[Items from a dataset]
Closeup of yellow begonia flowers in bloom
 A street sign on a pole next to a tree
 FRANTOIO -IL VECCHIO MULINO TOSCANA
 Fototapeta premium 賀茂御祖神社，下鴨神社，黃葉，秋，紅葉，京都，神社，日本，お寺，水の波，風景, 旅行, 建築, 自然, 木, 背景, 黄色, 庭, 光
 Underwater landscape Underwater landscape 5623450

» **WORK TO COMPLETE**: The answer must be the line containing "背景, 黄色, 庭, 光" and every line after it to the end of the data, exactly as written.

» **REPLY**:
 Fototapeta premium 賀茂御祖神社，下鴨神社，黃葉，秋，紅葉，京都，神社，日本，お寺，水の波，風景, 旅行, 建築, 自然, 木, 背景, 黄色, 庭, 光
 Underwater landscape Underwater landscape 5623450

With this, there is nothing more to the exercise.